REVIEW FRIDAY: The fascinating world of Michael Joll’s Inspector Masters

BOOK REVIEW BY NANCY KAY CLARK, CL editor & publisher

I’M SUCKED right into Michael Joll’s new who-done-it short story collection Persons of Interest: Inspector Masters Investigates [Middle Road Publishers 2019] right away for two reasons.

The first story, “Death by his own Hands” is an fascinating conclusion to another of Joll’s stories, “In Singapore” (found in the short story anthology Our Plan to Save the World) which ended with a break up, the theft of a gun and the possibility that a young aimless piano player would end up being shot. “Death by his own Hands” reveals what really happened. I suspect Joll’s creative muse wouldn’t let him rest until he figured out the fate of that young man, and so Inspector Masters was born.

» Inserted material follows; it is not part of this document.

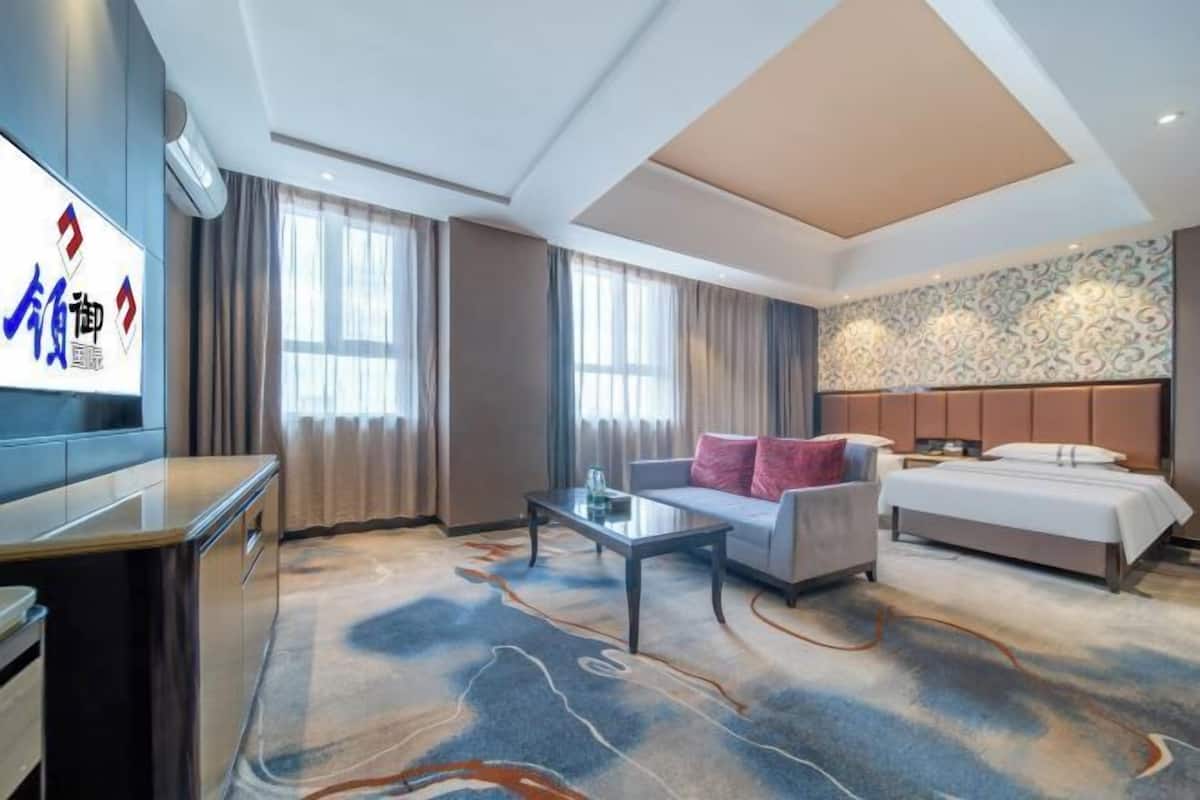 Ein Hotelzimmer mit Bett, Sofa, Couchtisch, Fernseher und einem gemusterten Teppich.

Masters’ world also drew me in. This collection of connected short stories is set in rough chronological order between 1924 and 1943. The stories follow the cases and career of British middle-class Masters, veteran of the Great War, during his stint as a colonial police officer in Malaya (present day Malaysia and Singapore). British colonial life in this far-flung backwater of the Empire is laid out before us in all its racial and class divides. It’s very messy — from a boss who insists that only natives (i.e., non-whites) commit crimes to upper class Brits looking down their noses at Masters to feckless young men psychologically scarred from the Great War. And, always, there’s a beautiful — but unattainable — woman who catches Masters’ eye.

This murkiness allows for not-so-clear-cut villains and solutions to crime cases that do not always result in an arrest and conviction, but somehow come to a satisfying conclusion. Masters does not always follow the letter of the law, but his basic decency shines through regardless.

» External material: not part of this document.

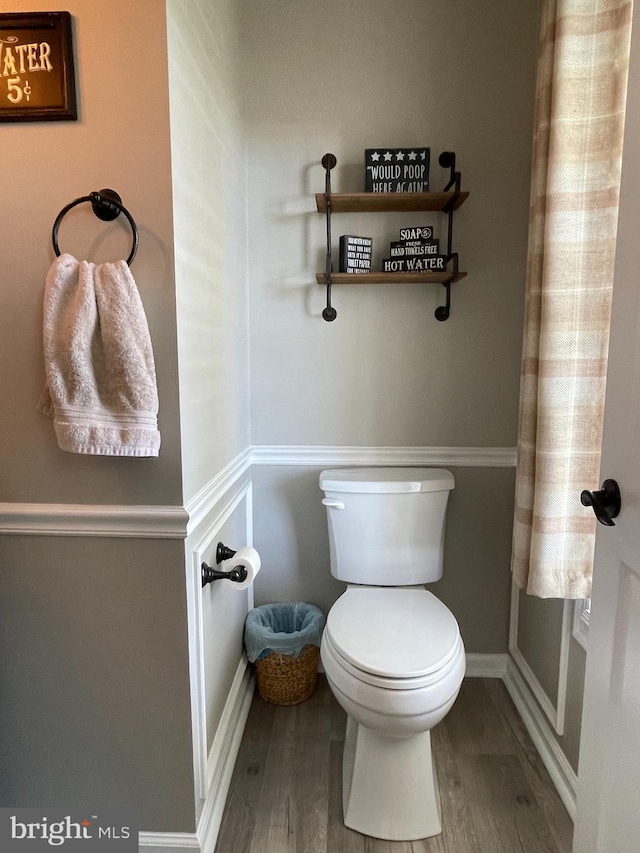 bathroom with hardwood / wood-style flooring and toilet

Though I enjoyed these stories, I had two wishes when reading them.

Firstly, I wished that Masters wasn’t so stiff-upper-lip (even when falling in love). Hell, we aren’t even told Masters’ first name — a conceit perhaps borrowed from Colin Dexter’s Inspector Morse series? I don’t know what I’m supposed to get out of such a straightforward mostly non-personal narrator. Even when he’s describing his admiration for a good-looking woman, he’s so matter-of-fact that I was kept at a distance and so I felt I never got to know the man’s inner workings.

Secondly, I thought that some of the cases were two quickly and easily solved.

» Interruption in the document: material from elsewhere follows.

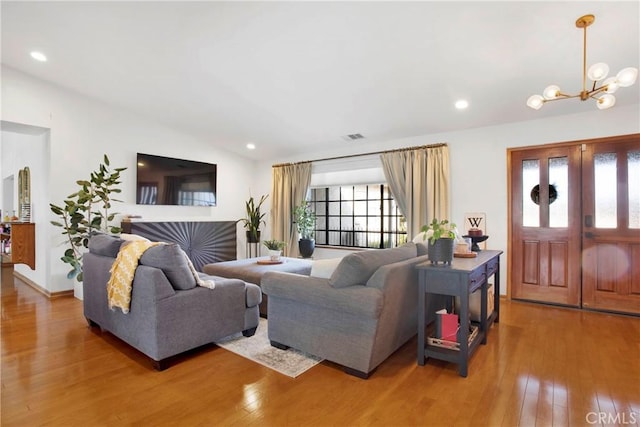 living room featuring plenty of natural light, hardwood / wood-style floors, and a notable chandelier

But these are small wishes for a book that was otherwise a great read.

3 comments
  1. Totally agree with your review, well almost. I too was totally drawn into the stories, the intrigue and the style of writing. However, I’m fine with him being a bit stiff and “upper crust.” Also, like that the reader doesn’t learn his first name. Mmn, another story coming.

  2. Thank you for your thoughtful review, Nancy.

    I agree, Basil Humphrey Masters, to give him his complete name, which goes some way towards explaining his reluctance ever to use either first name, is a bit straight-laced. So were so many of his generation (notwithstanding the morals clause in his service contract) and I wanted to push sex into the background as far as possible with little explicit or graphic. I kept the narrative in a more mid-twentieth century style to give the stories more linguistic atmosphere than if I had written in today’s snappy, almost breathless prose. This, I think, also adds to Masters’ reluctance to express himself and his feelings for other women as he might have done had he lived in today’s literary world. It doesn’t work for everyone.

    Basil Humphrey. So now the secret is out. And Inspector Morse’s first name is Endeavour.

    Thanks again.

  3. I think Endeavour is far worse than Basil!